Note 14.12 Eqs. (14.160) and (14.162)

Equation (14.160)

From the relations W₁(t) = 0 and W₂(t) = 0, we obtain X₀(t) = V₀(t) = U₀(t − T). Using Eq. (14.157), we obtain

$$U_{0} (t) = U_{0} (t - T) + \bar{k}\beta^{n} P_{0}^{n}$$

From the relation \(\ddot{X}(t) = 0\) and the initial condition X₀(0) = 0, we obtain X₀(t) = At, where A is a constant. From the relation X₀(t) = U₀(t − T), U₀(t) is found to be a linear function with respect to t.
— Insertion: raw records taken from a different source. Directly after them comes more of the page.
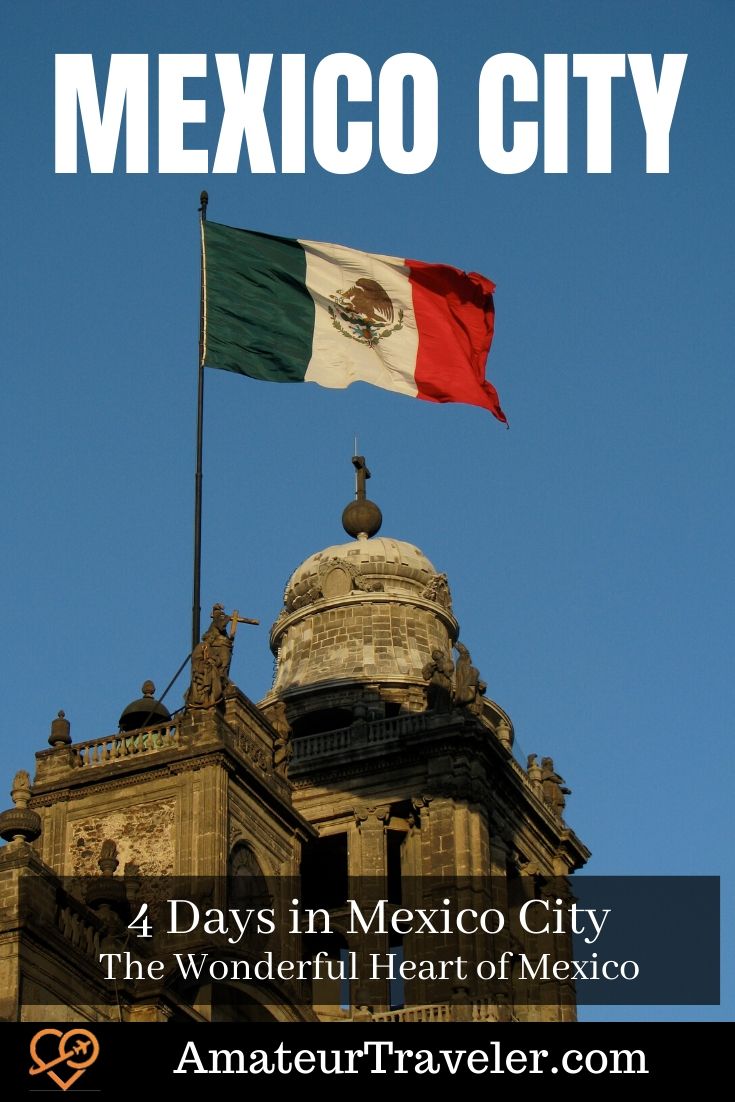 4 Days in Mexico City - The Wonderful Heart of Mexico | Things to do in Mexico City #mexico #mexico-city #what-to-do-in #travel #trip #vacation
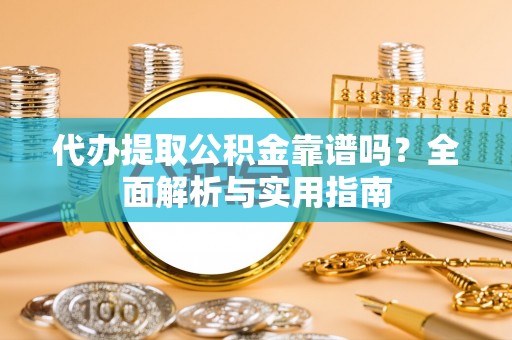 慈利代办提取公积金靠谱吗？全面解析与实用指南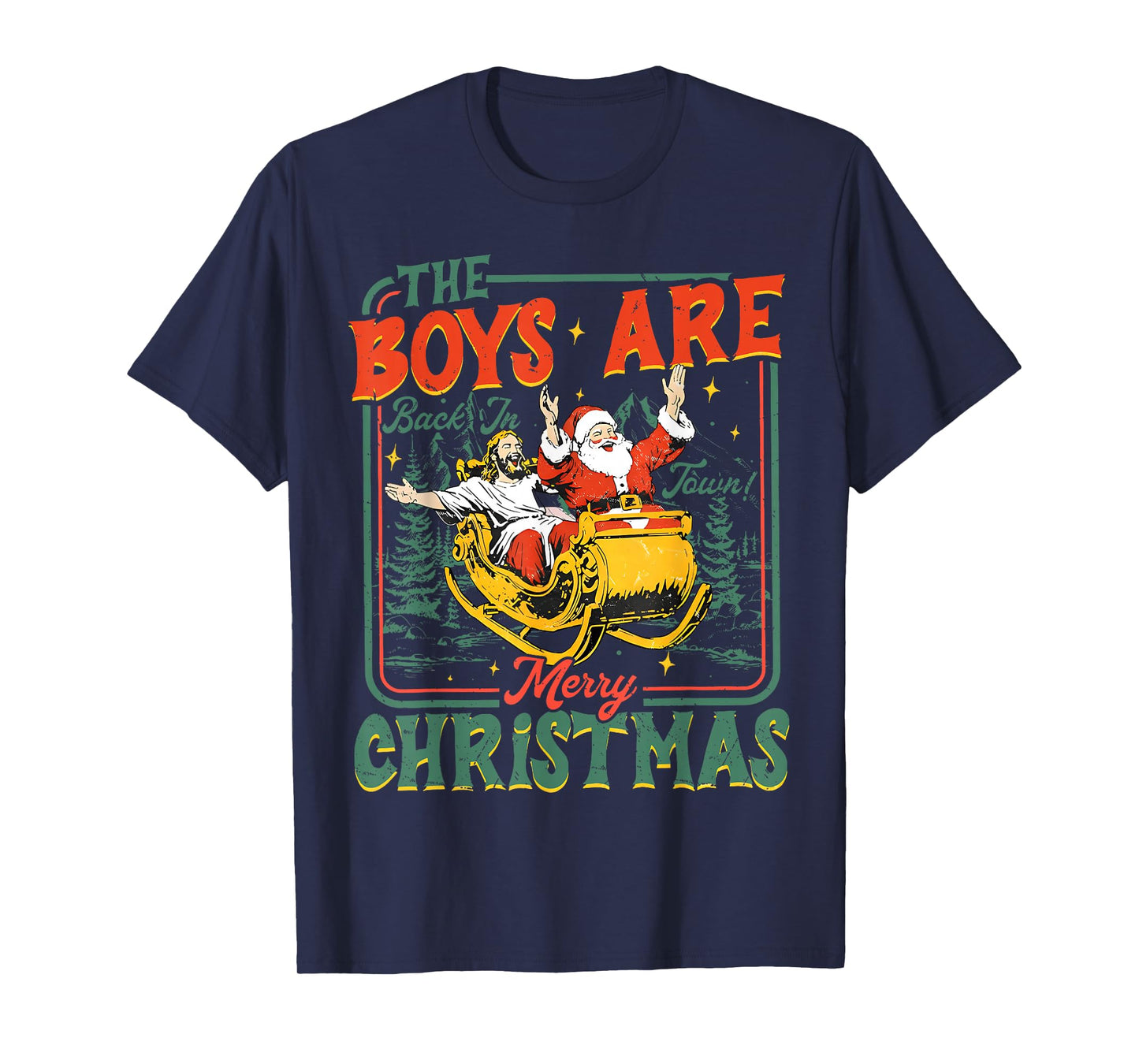 Funny Jesus Santa The Boys are Back in Town Merry Christmas T-Shirt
Using the above equation, U₀(t) and U₀(t − T) are given as

$$\begin{array}{*{20}l} {U_{0} (t) = \bar{k}\beta^{n} P_{0}^{n} (t + T)/T} \hfill \\ {U_{0} (t - T) = \bar{k}\beta^{n} P_{0}^{n} t/T}. \hfill \\ \end{array}$$

Equation (14.162)

From Eq. (14.152), we obtain

$$P(t) = P_{0} + p(t),$$

where

$$p(t) = \eta_{T} \dot{W}_{2} (t) + K_{T} W_{2} (t).$$

The substitution of Eqs. (14.152) and (14.161) into Eq. (14.157) yields

$$\begin{array}{*{20}l} {U_{0} (t) + u(t) = U_{0} (t - T) + u(t - T) + \bar{k}\beta^{n} \left\{ {P_{0} + p(t)} \right\}^{n} } \hfill \\ { \cong U_{0} (t - T) + u(t - T) + \bar{k}\beta^{n} P_{0}^{n} (t) + \bar{k}\beta^{n} nP_{0}^{n - 1} (t)p(t)} \hfill \\ { = U_{0} (t - T) + u(t - T) + \bar{k}\beta^{n} P_{0}^{n} (t) + \bar{k}\beta^{n} nP_{0}^{n - 1} (t)\left\{ {\eta_{T} \dot{W}_{2} (t) + K_{T} W_{2} (t)} \right\}}, \hfill \\ \end{array}$$

where

$$\begin{array}{*{20}l} {U_{0} (t) = U(t - T) + W(t) = U_{0} (t - T) + \bar{k}\beta^{n} P_{0}^{n} (t)} \hfill \\ {W_{2} (t) = X_{0} (t) + x(t) - U_{0} (t - T) - u(t - T) = x(t) - u(t - T)}. \hfill \\ \end{array}$$

From the above equation, we obtain

$$u(t) = u(t - T) + \bar{k}\beta^{n} P_{0}^{n - 1} n\left[ {\eta_{T} \left\{ {\dot{x}(t) - \dot{u}(t - T)} \right\} + K_{T} \left\{ {x(t) - u(t - T)} \right\}} \right].$$

Note 14.13

Schallamach’s equation, given as Eq. (14.30), corresponds to n = 2.